Sophie, di Utrecht, 13 anni, aveva la passione per l’hockey e per l’America. Allard, 17, amava i monti e postava sui social nework le foto delle sue scalate e della volta in cui raggiunse i 3.200 metri d’altezza. Il 41enne Sanjjd invece era malese e probabilmente quell’aereo avrebbe dovuto ricondurlo a casa; Jolette al contrario era di Amsterdam. I tre fratellini australiani, Mo, Evie e Ostis, troppo piccoli per viaggiare da soli, erano con il loro nonno Nick Norris e dovevano tornare in Australia, a Perth dove abitavano.

Tra loro anche Cor Pan, l’utente che ha lasciato l’inquietante post su Facebook, in cui si vede la foto dell’aereo accompagnata dalla scritta: “Se scompare è fatto così”. Una sorta di messaggio premonitore o una semplice coincidenza, la cui lettura però fa effetto.

Sul velivolo della morte anche il professor Joep Lange e sua moglie Jacqueline van Tongeren, luminari della ricerca sull’Aids, che dovevano partecipare alla 20esima conferenza internazionale contro la malattia di Melbourne.

Almeno 10 dei passeggeri di quel volo avrebbero dovuto prender parte a quell’evento: ricercatori, volontari, esperti, menti brillanti, il cui contributo era ancora molto prezioso per migliaia di ammalati.
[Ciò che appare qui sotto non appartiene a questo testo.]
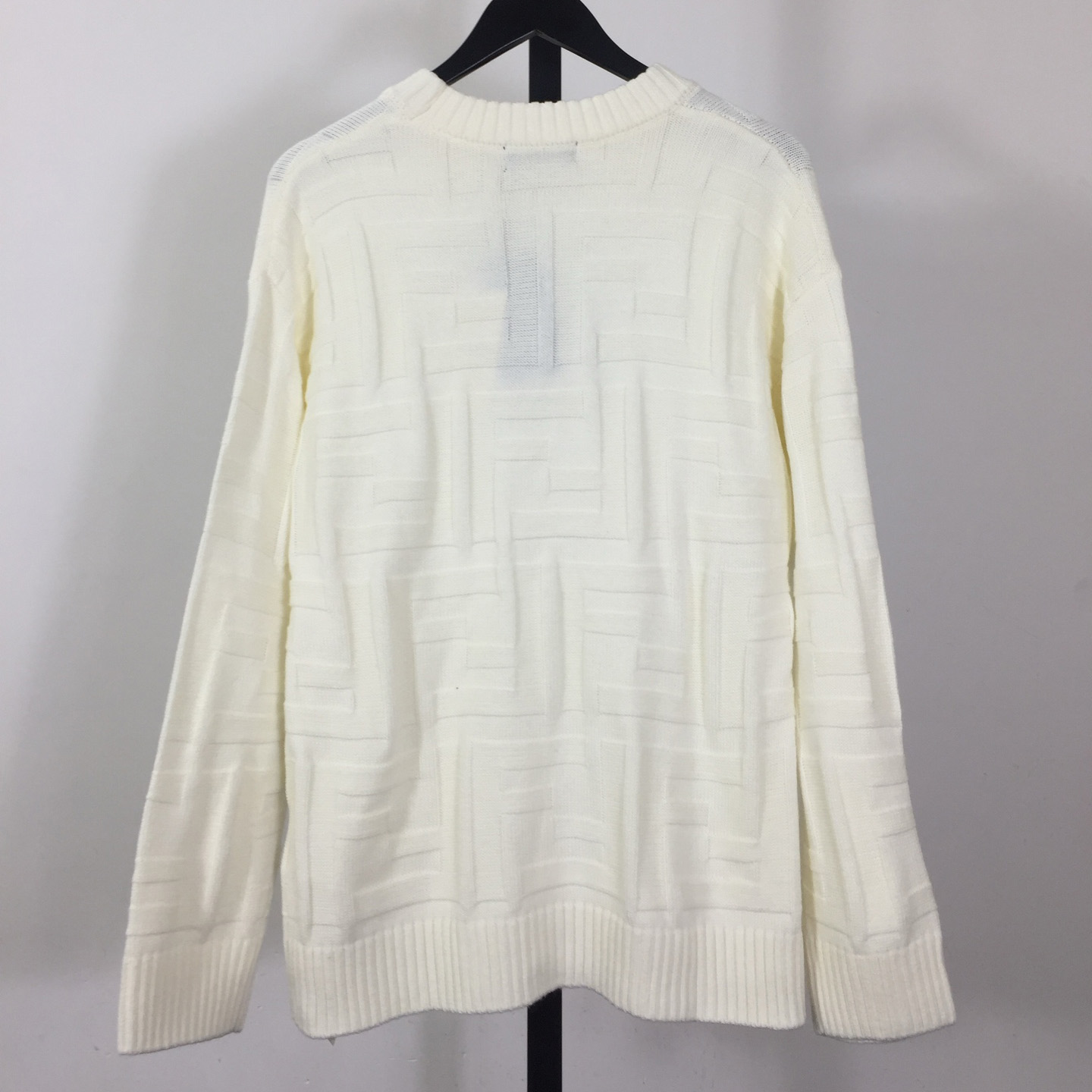 Fendi White Wool Pullover - DesignerGu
I rappresentanti dell’organizzazione dell’International Aids Society lo hanno definito “un lutto devastante per la ricerca contro l’Hiv”.

Il professor Lange aveva fondato nel 2001 la Ong internazionale Pharmaccess per l’accesso alle cure, e il direttore scientifico del Cro di Aviano, Umberto Tirelli, lo ricorda così: “Lange è stato uno degli artefici dello studio dell’Aids e dell’impatto sociale che questa malattia ha comportato a livello mondiale ed è stato il paladino dei pazienti con Hiv, spesso penalizzati e senza voce in capitolo almeno nelle prime fasi della epidemia”. Un’altra vita spezzata è quella dell’inglese Gleen Thomas, portavoce dell’Organizzazione mondiale della Sanità.

“Spariscono anni di conoscenza. – dice Clive Aspin, un ricercatore australiano della conferenza – C’è un enorme sentimento di tristezza qui, le persone sono in un mare di lacrime nei corridoi. Queste persone erano le migliori e le più brillanti, gente che ha dedicato gran parte della propria carriera a combattere questo virus terribile. Tutto questo è devastante”. Molti sono convinti che tra le vittime vi fosse qualcuno che all’evento avrebbe presentato il risultato del proprio studio.